リィナの鋭い感覚のおかげで、見つかることはなかった。
そして、ついに街道に出た。
幅の広い道で、所々に道標が立っていた。
「ここが街道?」
「うん」
リィナは道標を見上げた。
「迷宮都市まで、三日くらい」
「三日か……」
思ったより遠い。
でも、この国を出られるなら、頑張って歩こう。
「でも、街道は騎士が見回りをしてる」
リィナが心配そうに言った。
「普通に歩いてたら、見つかるかも」
「じゃあ、どうしよう?」
「森の中を通る」
リィナは街道の脇に広がる森を指差した。
「遠回りになるけど、安全」
「分かった。君に任せる」
俺たちは森の中に入った。
月明かりが木々の間から差し込んで、幻想的な光景を作っていた。
「きれいだな」
俺はつぶやいた。
「うん」
リィナも同じことを思っていたらしい。
「でも、夜の森は危険」
「魔物が出るの?」
「出る」
リィナは頷いた。
「でも、リィナがいるから大丈夫」
リィナの耳がピクピクと動いていた。
周囲の音を聞いているのだろう。
「何か聞こえる?」
「今のところは大丈夫」
リィナは安心させるように言った。
「でも、気をつけて」
俺たちは森の中を慎重に進んだ。
時々、遠くで何かの鳴き声が聞こえたが、危険な魔物ではないらしい。
しばらく歩いていると、リィナが急に立ち止まった。
「どうした?」
「何か来る」
リィナの耳が警戒するように立っていた。
「魔物?」
「違う。人間」
リィナは茂みの影に身を隠した。
俺も慌てて隠れた。
しばらくすると、確かに人の足音が聞こえてきた。
複数の人間が、こちらに向かって歩いてくる。
「こんな夜中に、誰だろう?」
「分からない」
リィナは首を振った。
「でも、普通の人じゃない」
「どうして?」
「歩き方が違う」
リィナは小声で説明した。
「訓練された人の歩き方」
兵士か?
それとも冒険者か?
足音はどんどん近づいてきた。
そして、ついに人影が見えた。
三人の男性だった。
黒い服を着て、顔も隠していた。
「盗賊?」
俺は小声で聞いた。
「たぶん」
リィナは頷いた。
「でも、普通の盗賊じゃない」
「どういうこと?」
「動きが良すぎる」
確かに、その三人の動きは洗練されていた。
ただの盗賊にしては、あまりにも統制が取れている。
「何を探してるんだろう?」
「分からない」
その時、三人のうちの一人が口を開いた。
「この辺りのはずだが……」
「もう少し先だ」
別の男が答えた。
「急げ。

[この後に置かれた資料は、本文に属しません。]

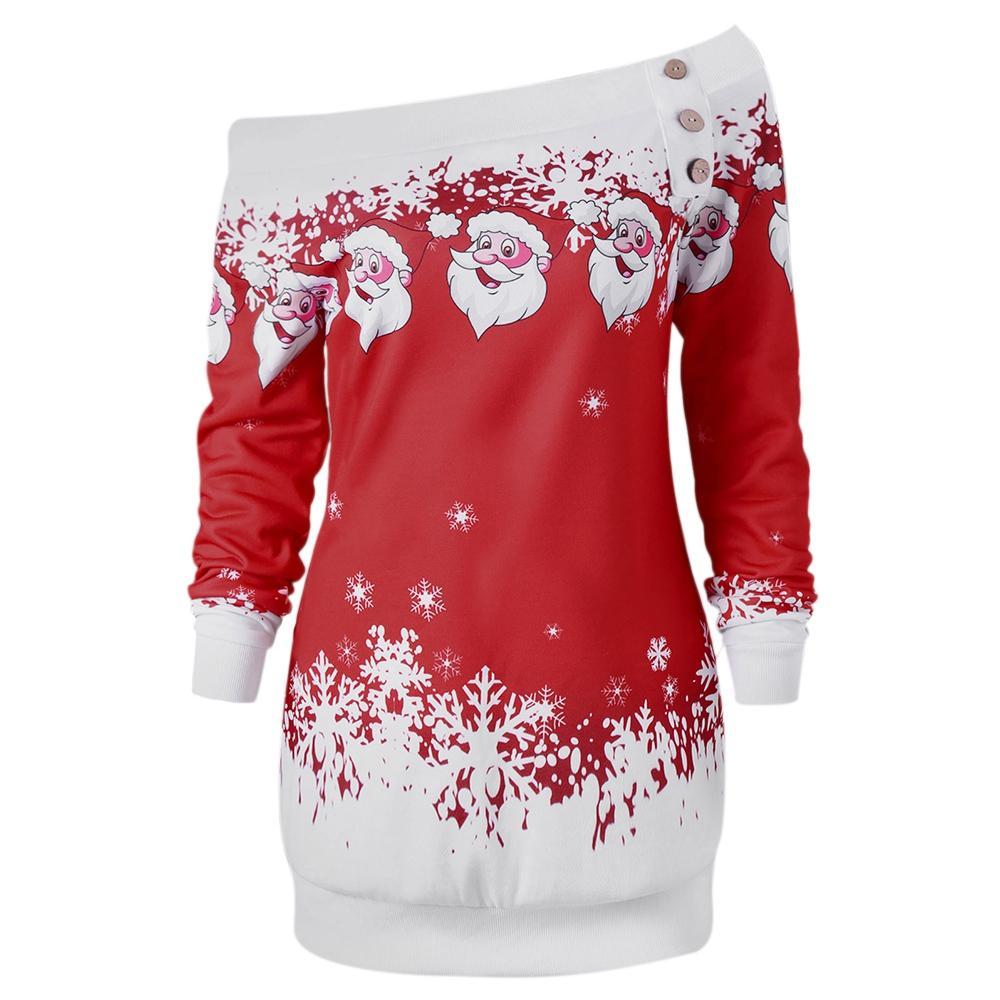 Santa Snowflakes scheef nek sweatshirt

夜明けまでに終わらせなければ」
三人は俺たちの前を通り過ぎて行った。
しばらくして、足音が聞こえなくなった。
「何だったんだろう?」
「分からない」
リィナは首を振った。
「でも、関わらない方がいい」
「そうだね」
俺たちは別の方向に向かった。
しかし、しばらく歩いていると、今度は別の気配を感じた。
何か大きな動物が近づいてくる気配だった。
「今度は魔物だ」
リィナが緊張した声で言った。
「やばい?」
「分からない」
リィナは武器を構えた。
「でも、逃げられない」
茂みの向こうから、大きな影が現れた。
熊のような体に、鋭い牙を持った魔物だった。
「でかい!」
俺は思わず声を上げた。
「シッ!」
リィナが俺の口を押さえた。
「音を立てちゃダメ」
でも、もう遅かった。
魔物は俺たちに気づいて、こちらに向かってきた。
「逃げよう!」
俺たちは森の中を走り始めた。
後ろから、魔物の重い足音が追いかけてくる。
「こっち!」
リィナが木々の間を縫って走る。
俺は必死についていった。
「超健康」のおかげで、息切れすることはなかった。
でも、魔物の方が速い。
「このままじゃ追いつかれる!」
「大丈夫!」
リィナが振り返って言った。
「あともう少し!」
「何が?」
「川がある」
確かに、水の流れる音が聞こえてきた。
「川を渡れば、魔物は追ってこない」
「そうなの?」
「あの魔物は水が嫌い」
リィナの知識に頼るしかない。
俺たちは川に向かって走り続けた。
そして、ついに川岸に到達した。
「飛び込んで!」
リィナは迷わず川に飛び込んだ。
俺も続いて飛び込んだ。
水は冷たかったが、「身体強化」のおかげで平気だった。
川の流れに身を任せて、対岸に向かった。
後ろを振り返ると、魔物が川岸で立ち止まっていた。
リィナの言った通り、水を嫌がっているようだった。
「やったね!」
俺は安堵の声を上げた。
「うん」
リィナも微笑んだ。
俺たちは対岸に泳ぎ着いて、岸に上がった。
服は濡れてしまったが、命には代えられない。
「火を起こそう」
俺は初級魔法で火を起こした。
服を乾かして、温まった。
「これで一安心だね」
「うん」
リィナは火にあたりながら言った。
「でも、まだ油断はできない」
「そうだね」
俺たちは服が乾くのを待ってから、再び歩き始めた。
森を抜けて、街道に戻った。
もう夜明けが近づいていた。
「疲れた?」
リィナが心配そうに聞いた。
「大丈夫」
俺は微笑んだ。
「君と一緒なら、どこまでも歩けるよ」
リィナの顔が少し赤くなった。
「ありがとう」
朝日が昇り始めた。
新しい一日の始まりだった。
俺たちは手を取り合って、迷宮都市に向かって歩き続けた。
新しい冒険が、今始まったのだった。